Maybe you’ve been practicing your gymnastics and can do a mean cartwheel. Perhaps you can play your favorite song on the piano. Maybe you’re proud of how independent you are, or how kind.

Being proud of ourselves can feel really good. But we’re about to meet a character who’s so proud, she winds up losing her pride and joy!

Our story is called “The Tale of Koala’s Tail.” Versions of this folktale originally come from the Aboriginal peoples of Australia.

Voices in this episode include Amy Brentano, Ryan Dalusung, Jeffrey Song, Dawn Ursula, and Kaniehtiio Horn.

You grown-ups may recognize Kaniehtiio Horn from Letterkenny and its spin-off series Shoresy on Hulu, as well as Rutherford Falls on Peacock. She also stars in Reservation Dogs, now in its second season on FX/Hulu.

This episode was adapted for Circle Round by Rebecca Sheir. It was edited by Circle Round’s supervising producer Nora Saks. Original music and sound design is by Eric Shimelonis. Our artist is Sabina Hahn.

Coloring Page

Sabina Hah
Sabina Hah

ADULTS! PRINT THIS so everyone can color while listening.

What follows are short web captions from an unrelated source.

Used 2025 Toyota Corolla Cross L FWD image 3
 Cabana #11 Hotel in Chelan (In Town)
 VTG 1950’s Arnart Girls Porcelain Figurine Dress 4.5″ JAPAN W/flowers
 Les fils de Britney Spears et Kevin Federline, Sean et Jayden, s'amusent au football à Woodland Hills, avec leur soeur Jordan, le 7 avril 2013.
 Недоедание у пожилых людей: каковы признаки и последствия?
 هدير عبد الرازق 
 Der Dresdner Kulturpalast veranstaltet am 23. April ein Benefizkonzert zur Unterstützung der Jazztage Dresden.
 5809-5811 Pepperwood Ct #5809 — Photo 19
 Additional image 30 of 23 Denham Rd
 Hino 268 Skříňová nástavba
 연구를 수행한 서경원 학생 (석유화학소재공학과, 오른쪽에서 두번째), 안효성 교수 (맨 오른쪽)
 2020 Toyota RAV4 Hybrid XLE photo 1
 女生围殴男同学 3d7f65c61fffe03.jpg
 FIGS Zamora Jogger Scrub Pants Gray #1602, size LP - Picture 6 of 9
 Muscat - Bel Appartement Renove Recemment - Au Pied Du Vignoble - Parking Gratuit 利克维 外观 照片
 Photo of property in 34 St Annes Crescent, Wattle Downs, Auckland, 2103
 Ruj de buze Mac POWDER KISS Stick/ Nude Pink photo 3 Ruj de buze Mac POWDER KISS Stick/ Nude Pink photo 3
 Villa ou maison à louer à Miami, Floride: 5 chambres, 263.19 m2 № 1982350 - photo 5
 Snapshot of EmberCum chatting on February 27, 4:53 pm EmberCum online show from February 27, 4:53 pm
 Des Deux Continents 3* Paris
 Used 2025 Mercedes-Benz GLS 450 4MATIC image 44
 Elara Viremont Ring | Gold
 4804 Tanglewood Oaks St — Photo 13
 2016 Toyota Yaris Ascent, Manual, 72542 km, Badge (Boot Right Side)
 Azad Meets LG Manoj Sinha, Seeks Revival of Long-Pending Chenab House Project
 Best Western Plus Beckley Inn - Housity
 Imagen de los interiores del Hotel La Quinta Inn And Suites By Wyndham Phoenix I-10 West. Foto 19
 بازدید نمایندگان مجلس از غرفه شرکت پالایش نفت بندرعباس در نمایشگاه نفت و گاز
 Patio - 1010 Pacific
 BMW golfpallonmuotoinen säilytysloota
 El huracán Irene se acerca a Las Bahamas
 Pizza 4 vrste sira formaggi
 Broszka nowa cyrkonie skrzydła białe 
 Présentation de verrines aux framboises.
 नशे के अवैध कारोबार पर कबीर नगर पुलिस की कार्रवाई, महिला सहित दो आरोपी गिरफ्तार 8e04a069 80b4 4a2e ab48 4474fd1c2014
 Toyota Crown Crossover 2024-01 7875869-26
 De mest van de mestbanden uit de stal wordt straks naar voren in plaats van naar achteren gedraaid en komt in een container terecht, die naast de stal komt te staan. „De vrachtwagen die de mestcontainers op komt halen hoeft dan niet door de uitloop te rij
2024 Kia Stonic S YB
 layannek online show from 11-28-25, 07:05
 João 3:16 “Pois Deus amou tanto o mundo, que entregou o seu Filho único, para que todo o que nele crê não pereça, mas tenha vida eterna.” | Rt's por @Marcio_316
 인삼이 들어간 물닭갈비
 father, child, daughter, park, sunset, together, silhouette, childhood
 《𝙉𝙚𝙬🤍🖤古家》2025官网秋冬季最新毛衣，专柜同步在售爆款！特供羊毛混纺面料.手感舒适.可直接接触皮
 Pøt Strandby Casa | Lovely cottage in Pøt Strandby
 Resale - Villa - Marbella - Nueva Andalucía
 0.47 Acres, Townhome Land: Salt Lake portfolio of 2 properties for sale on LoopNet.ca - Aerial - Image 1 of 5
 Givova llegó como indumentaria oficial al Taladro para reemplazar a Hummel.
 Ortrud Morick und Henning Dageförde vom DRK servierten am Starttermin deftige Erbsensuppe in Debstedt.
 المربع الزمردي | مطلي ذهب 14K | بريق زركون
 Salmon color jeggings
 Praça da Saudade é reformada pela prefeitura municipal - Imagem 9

We’re also keeping an album so share your picture on Facebook, Twitter, Instagram, and tag it with #CircleRound. We'd love to see it! To access all the coloring pages for past episodes, click HERE. Our resident artist is Sabina Hahn and you can learn more about her HERE.

Things To Think About After Listening
Think about the last time you were part of a team. Maybe it was a sports team, maybe it was a group project at school, maybe it was family pizza or taco night – and each of you helped out making dinner.

Find some paper, and use a pen, pencil, crayon, or marker to divide your paper in half. On one side, draw a picture of you and your team working together. On the other side, draw a picture of what you achieved or accomplished together.
Once you’re done, share your drawing with someone you like to have fun with – and, if you’d like, share it with us! Grown-ups: our email address is You can also post all Circle Round artwork on Instagram, and tag @circleroundpodcast.

Musical Spotlight: The Flute

Eric Shimelonis playing the flute, a woodwind instrument divided into three sections, or “joints”: the head joint, middle joint and foot joint. (courtesy of Rebecca Sheir)
Eric Shimelonis playing the flute, a woodwind instrument divided into three sections, or “joints”: the head joint, middle joint and foot joint. (courtesy of Rebecca Sheir)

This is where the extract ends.